◆ Stored data
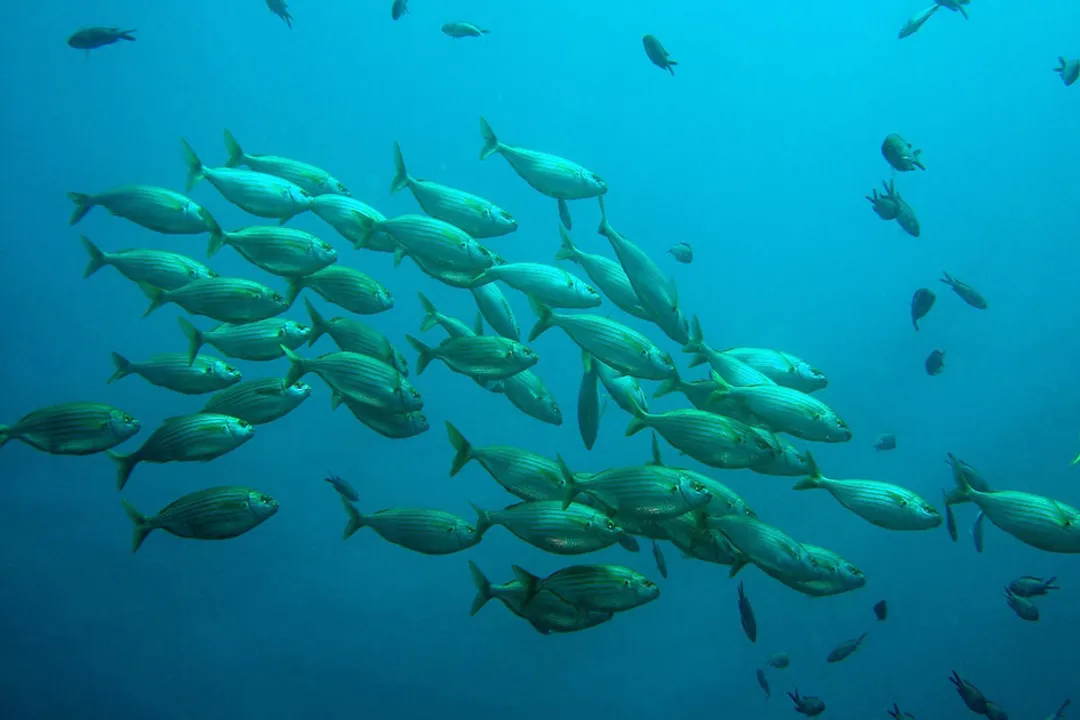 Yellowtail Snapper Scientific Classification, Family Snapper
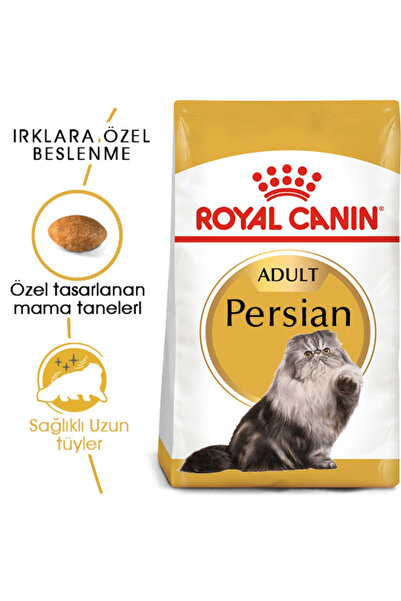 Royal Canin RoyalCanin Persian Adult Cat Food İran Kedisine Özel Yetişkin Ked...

==

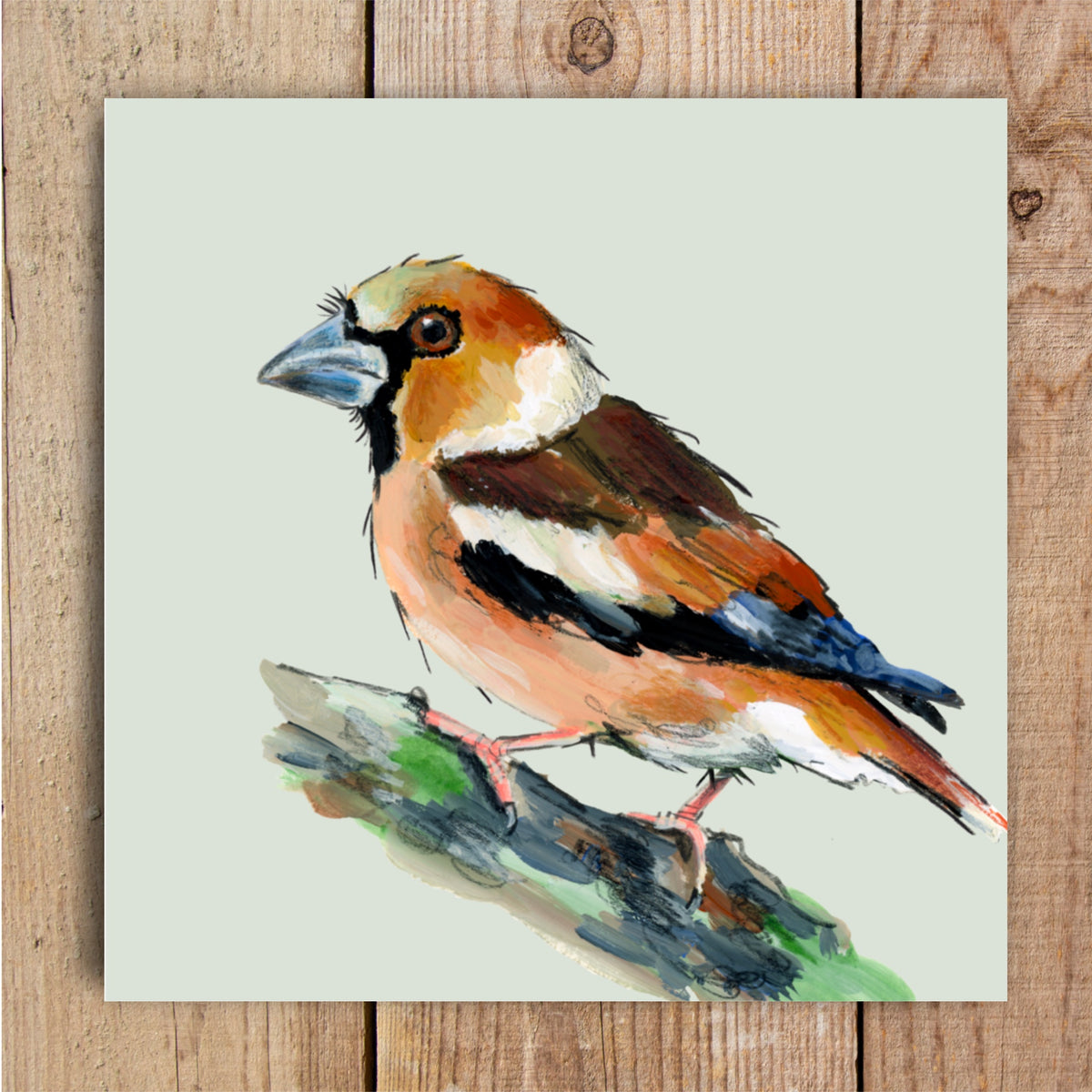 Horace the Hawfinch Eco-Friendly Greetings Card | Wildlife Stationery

* * *

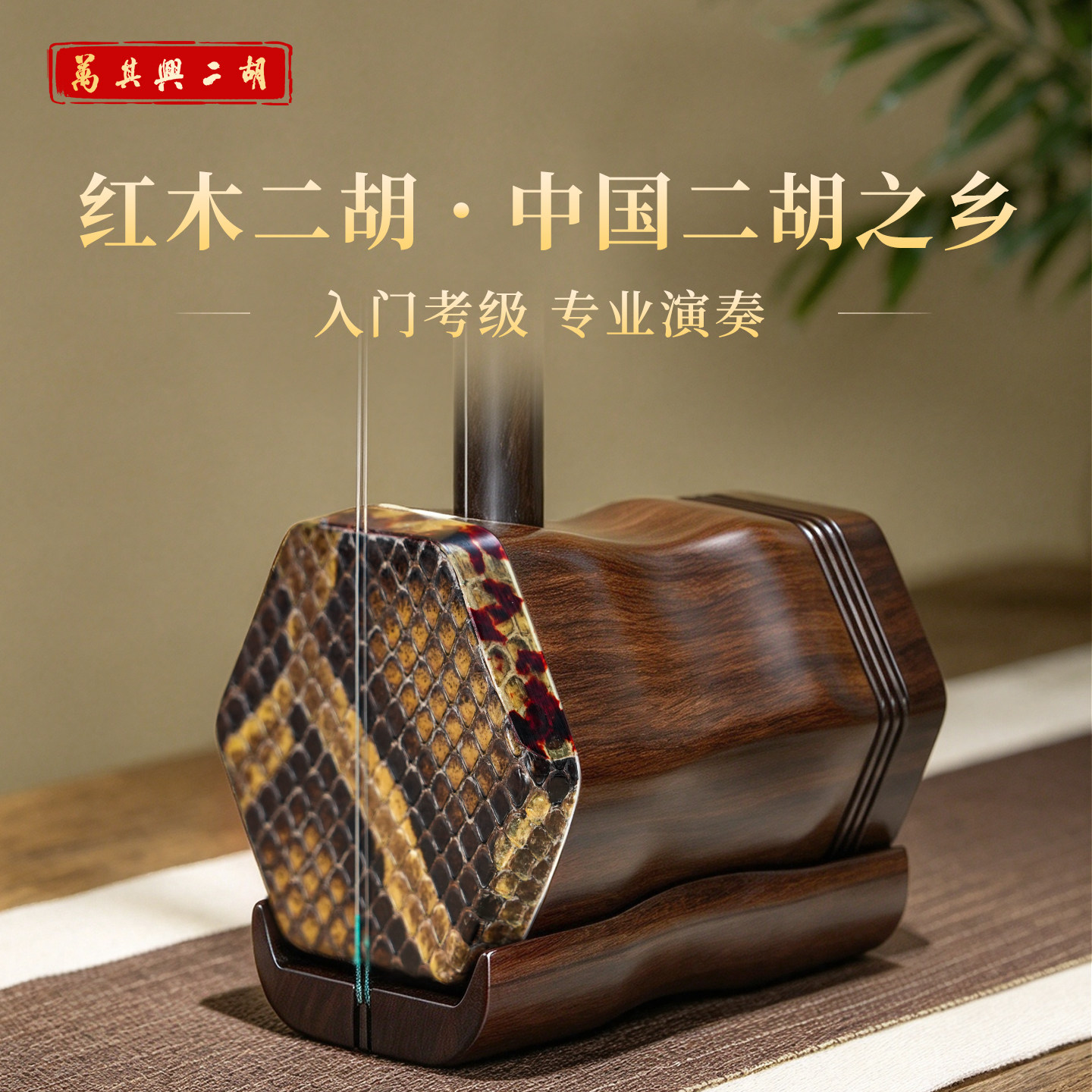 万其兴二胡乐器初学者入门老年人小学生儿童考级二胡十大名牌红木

◆ The task
In the listing above, find the line containing "Yellowtail Snapper Scientific" and the line containing "Royal Canin RoyalCanin", then write out both of them and every line between, exactly, with no pictures.

◆ Solution to this task
 Yellowtail Snapper Scientific Classification, Family Snapper
 Royal Canin RoyalCanin Persian Adult Cat Food İran Kedisine Özel Yetişkin Ked...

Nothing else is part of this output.